Um dos fundadores do PSDB, o economista e ex-ministro Luiz Carlos Bresser-Pereira não escondeu de ninguém a sua preferência pela reeleição de Dilma Rousseff. Ainda assim, não foram poucos os amigos que, no decorrer da última campanha, partiram do pressuposto de que ele compartilhava um sentimento bastante popular na classe social a qual pertence: uma “absoluta, total e definitiva rejeição ao PT, a Dilma e a tudo que ela significa”. Mais do que conservadorismo, ele percebeu em interlocutores um sentimento devastador.“Era ódio”.

Professor emérito de Economia, Teoria Política e Teoria Social da Fundação Getúlio Vargas, Bresser-Pereira acredita que o antipetismo aumentou graças às elites. “Elas têm meios através, fundamentalmente, da grande imprensa, de influenciar os outros”. Na sua opinião, a origem do problema está na relação desse segmento da sociedade com os 12 anos de governo do PT. “Quando um líder de esquerda é eleito, a reação da burguesia é de cooptá-lo. Nem Lula nem Dilma se mostraram cooptáveis.”
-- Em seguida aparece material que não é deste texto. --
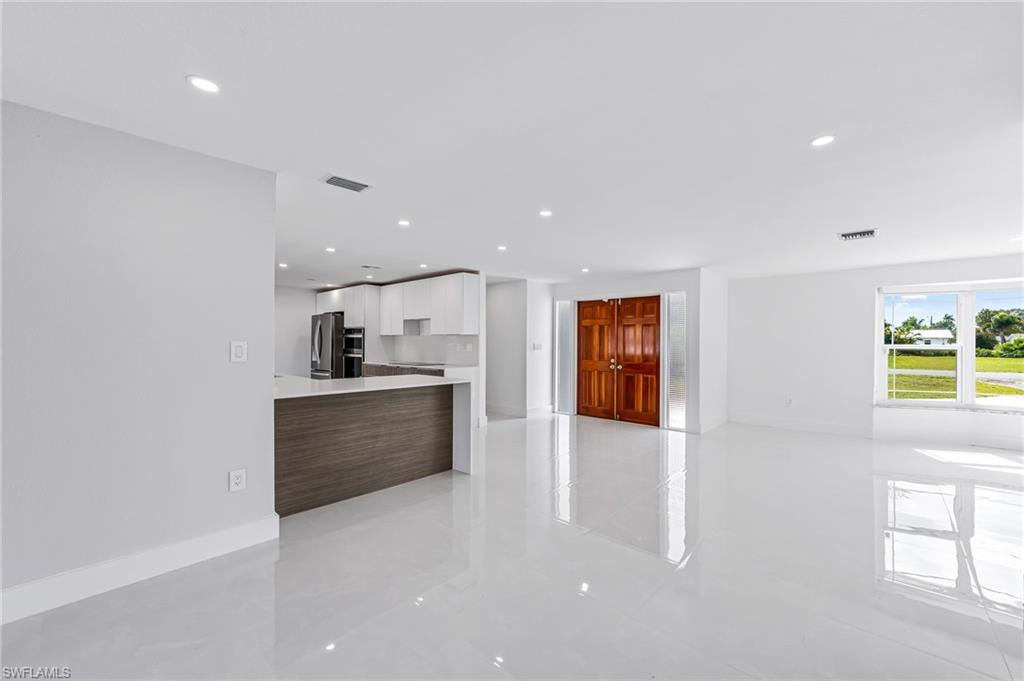 YACHT CLUB COLONY - Residential Lease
Aos 80 anos, Bresser-Pereira encarou um bate-volta internacional para votar no segundo turno. Viajou na quarta-feira para os Estados Unidos, para compromissos no Levy Economics Institute, em Annandale-on-Hudson. Voltou a São Paulo no sábado. Na melhor forma, como mostra a fotografia ao lado, foi à urna no domingo. “Votei na Dilma, mas dentro de um clima de respeito aos outros”, ressaltou. No dia seguinte, embarcou para viagem de mais de um mês, para proferir palestras e participar de workshops na Alemanha, Chipre, Itália e França.
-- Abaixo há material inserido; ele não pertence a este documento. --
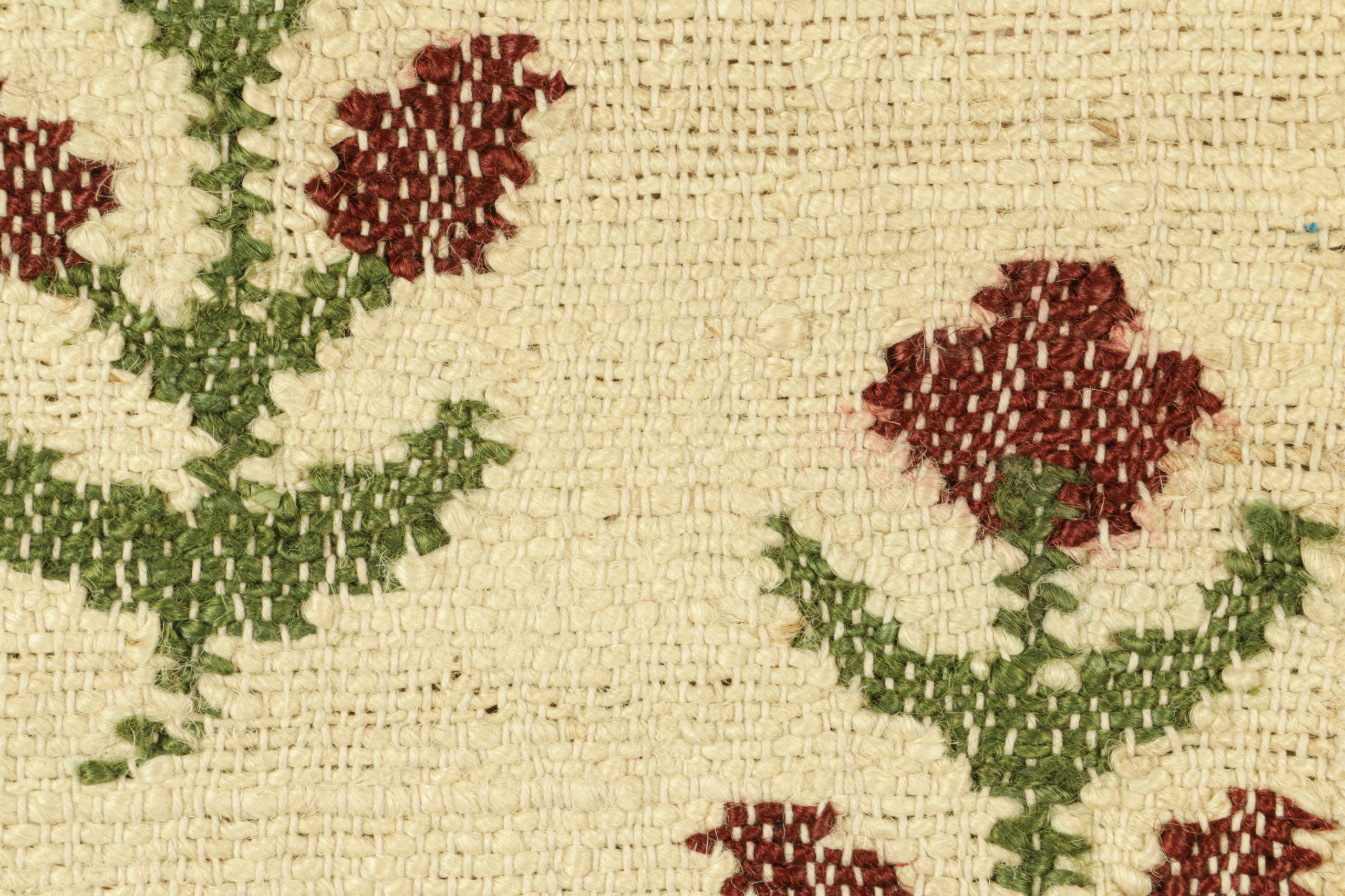 5028220 NATURAL FLORAL 3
Brasileiros – O Brasil saiu das urnas dividido, depois de uma campanha marcada pela intolerância, até mesmo pelo ódio. Como o senhor analisa esse momento?
Luiz Carlos Bresser-Pereira: São duas expressões muito significativas, o ódio e a intolerância. Percebi esse ódio já há algum tempo. De repente, amigos meus, pessoas que pertencem a minha classe social e são razoavelmente ricas, tinham uma atitude em relação ao PT e a Dilma que não se explica simplesmente pelo fato de eles serem conservadores e o PT de esquerda ou progressista. Era ódio, uma coisa absolutamente irracional. Essas pessoas falavam comigo a partir do pressuposto de que eu estava de acordo com eles na sua absoluta, total e definitiva rejeição ao PT, a Dilma, e a tudo que Dilma significa. Uma coisa que eu nunca tinha visto nas outras eleições.

Nem na campanha de 1989?
Não. A campanha de 1989 foi muito diferente. Houve uma reação do povo brasileiro, que estava indignado com o Plano Cruzado. O plano tinha acabado com a inflação durante um ano. Depois, fracassou. A inflação voltou com toda força, assim como o desemprego. Os salários, que haviam subido, caíram de volta.
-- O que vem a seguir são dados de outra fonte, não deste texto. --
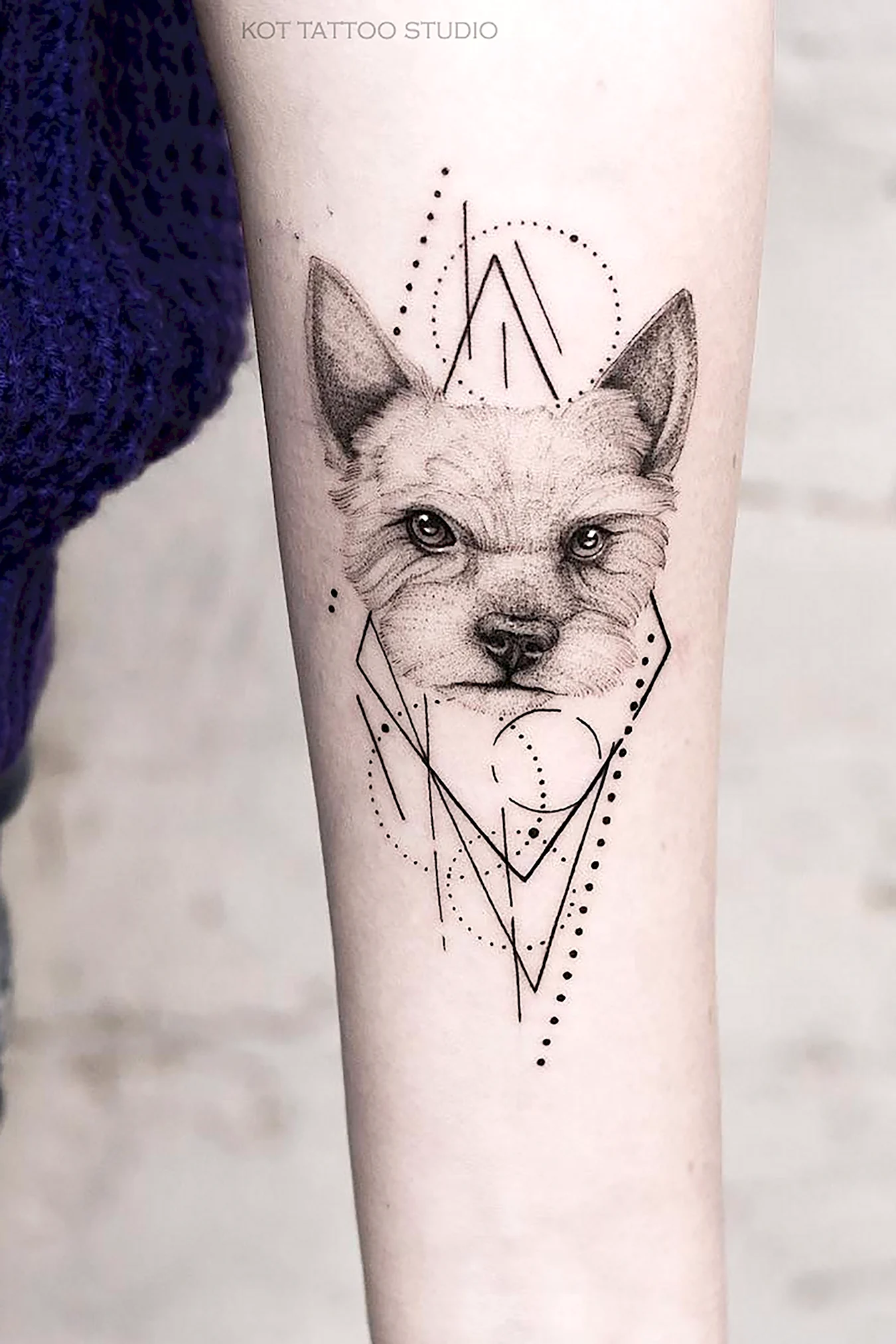 Татуировки для девушек на руке животные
A economia pesou nas urnas?
Todos os grandes líderes da transição democrática foram derrotados. Isso porque o Plano Cruzado havia surgido no meio do grande pacto que viabilizou a transição, a eleição da Assembleia Constituinte e a Constituição de 1988. O povo brasileiro culpou os líderes da transição democrática, a começar pelo doutor Ulysses Guimarães, passando por Lula, Mário Covas e Leonel Brizola.

Lula ainda chegou ao segundo turno.
Mas bem atrás do Collor. Essa eleição é outra coisa. Essa eleição é o resultado de 12 anos de governo do PT. Pela primeira vez na história, o Brasil tem um governo de esquerda, social-democrata-reformista, compatível com o capitalismo. Isso nunca aconteceu antes, a não ser que a gente diga que Getúlio Vargas, quando eleito em 1950, fosse de centro-esquerda.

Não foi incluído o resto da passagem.